More than four months since Bridgegate interrupted his national ascent, Gov. Christie said in Washington Wednesday that the scandal hadn’t imperiled a presidential bid.
Instead, Christie said, the controversy will be seen as a “footnote” to his career.
“As far as the impact on my political future, I think it will have none, because I didn’t do anything,” Christie said at the Peter G. Peterson Foundation Fiscal Summit, an event that also featured a talk from former President Bill Clinton. Christie’s remarks were streamed online by the event.
Christie was dismissive of the ongoing investigations into the George Washington Bridge lane closures, saying they had turned up no information he was involved.
He said he was still weighing a run for president, but would decide “later.”
Elaborating on a comment he made on a call-in program on NJ 101.5 Tuesday night, Christie said it would be “stressful” to run in a Republican primary against former Florida Gov. Jeb Bush, because “I like him. I respect him.” Christie said he is friendly with Bush and his brother, former President George W. Bush.
“So who do you not like?” interviewer Bob Schieffer asked.

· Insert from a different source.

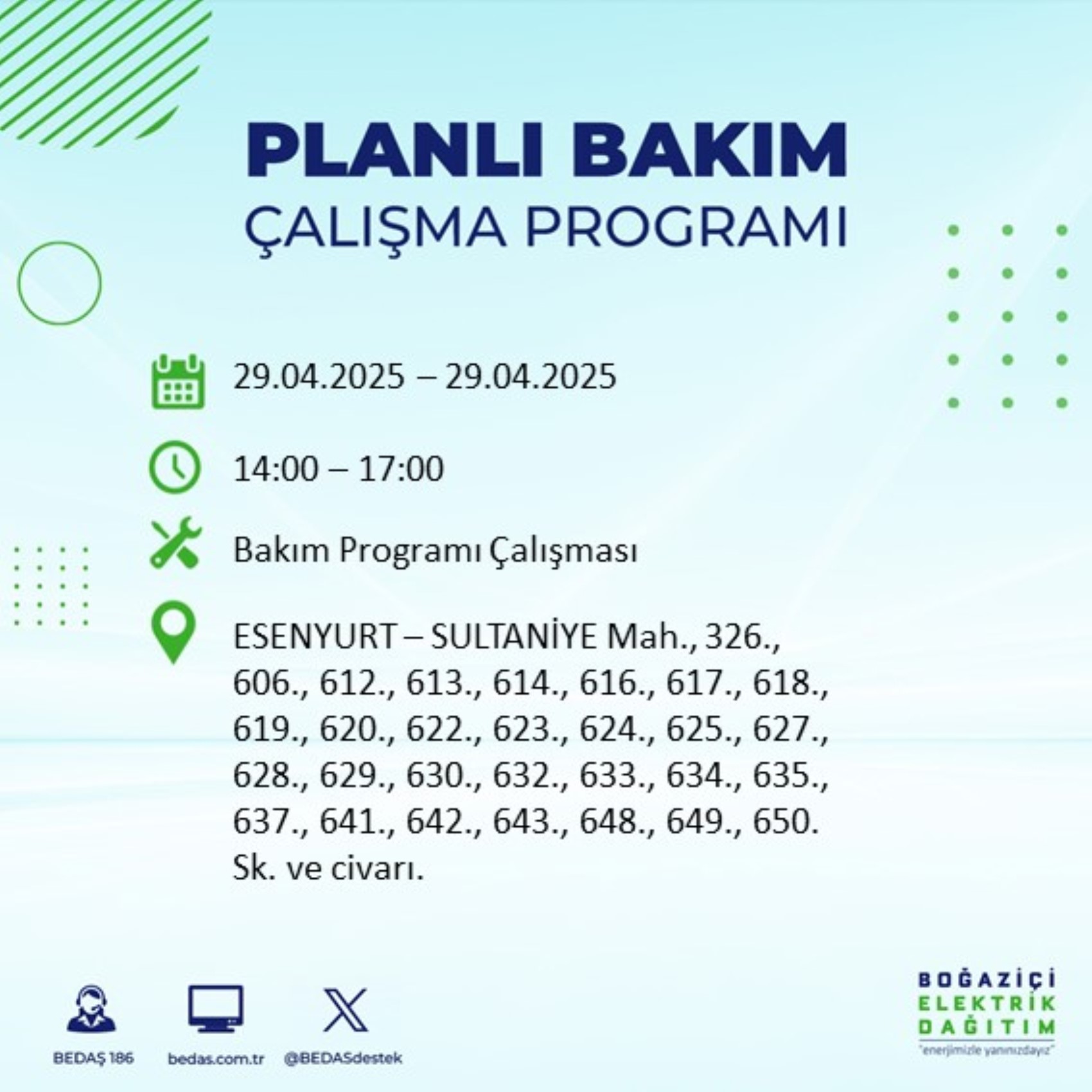 BEDAŞ paylaştı: İstanbul'da 29 Nisan Salı günü elektrik kesintisi yaşanacak ilçeler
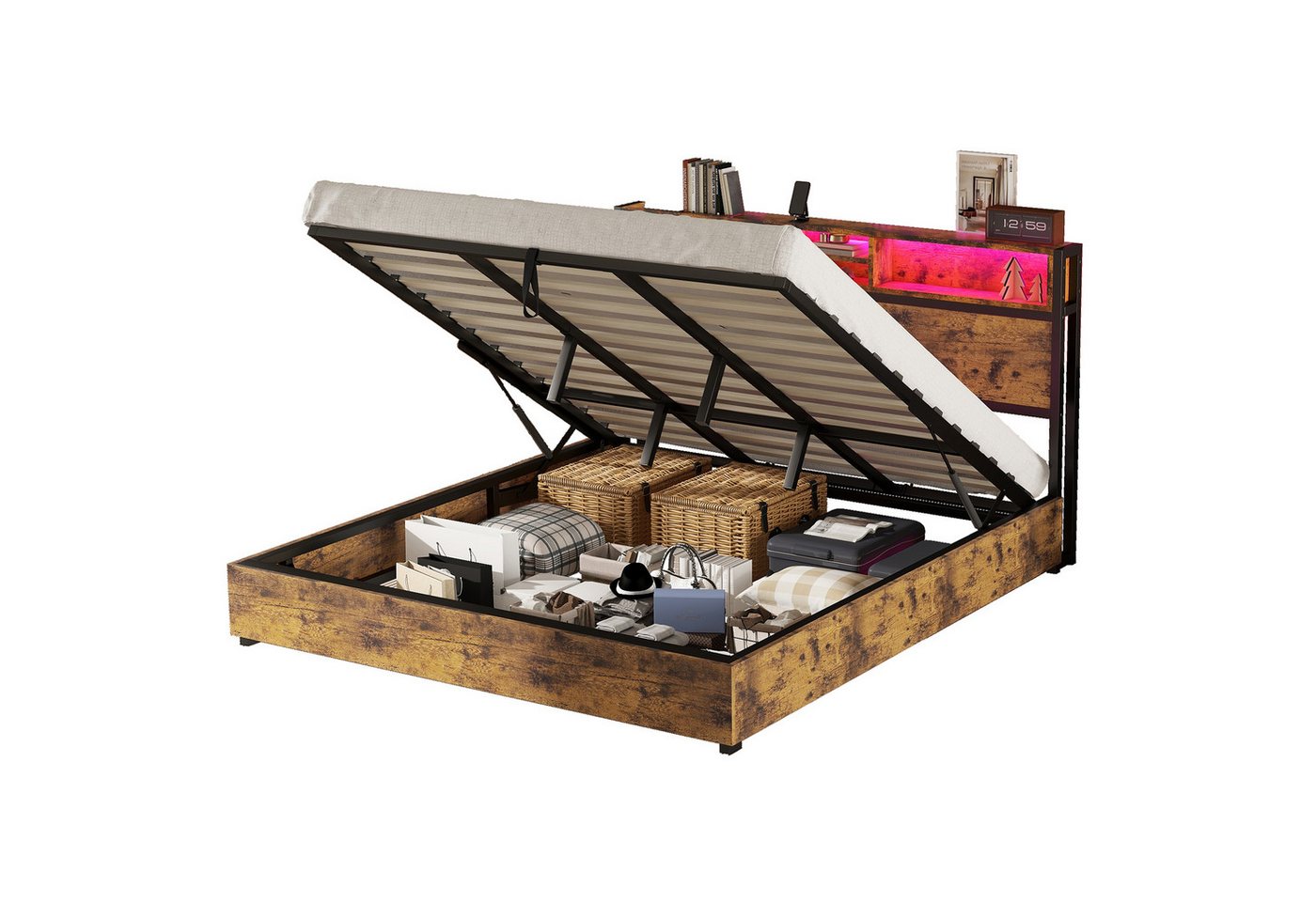 SOFTWEARY Massivholzbett mit LED-Beleuchtung (mit Lattenrost und Stauraum, 180x200 cm), Doppelbett, Bettgestell aus Metall von SOFTWEARY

“I don’t want to tell someone I don’t like them and then” they don’t run, Christie said. He joked that it would be a “wasted unlike.”
Christie also fielded questions Wednesday on New Jersey’s economy, which has been troubled: The budget has an $800 million revenue shortfall, and all three major credit-rating agencies have recently downgraded the state’s debt, citing the revenue problems and rising pension costs.
Christie – who said the state’s fiscal problems were characteristic of a comeback that “has been exceptional, but not complete” – didn’t detail how he planned to address the revenue shortfall, saying he would lay out a course next week.
He didn’t say whether he would make a scheduled $1.6 billion payment this year into the state pension system – another question he said would be addressed next week.
Christie addressed other national topics, including whether Republicans would benefit politically from calling for raising the minimum wage.
“I’ve always thought good policy is good politics, but you have to explain yourself,” said Christie, who opposed a ballot measure widely approved by voters that raised New Jersey’s minimum wage $1 this year, instead supporting a $1 increase over three years. “What our party needs to be focused on is explaining ourselves, and not appearing to be intolerant.”
Christie said that if Republicans win control of both chambers of Congress, it could alleviate gridlock with President Obama on certain economic measures, including “meaningful” tax reform.
He blamed the gridlock on a lack of leadership by Obama, drawing a contrast between Washington and Trenton.
If both Christie and Senate President Stephen Sweeney (D., Gloucester), are at the Statehouse on a given day, they meet – whether it’s for five minutes, or “two-hour meetings that devolve into dinner,” Christie said. He said that when Sweeney gives his word on something, “I can count on it,” and vice versa.
“I don’t think this is a president that’s been interested in having those relationships, with either party,” Christie said of Obama. “So I think the problem starts with the president.”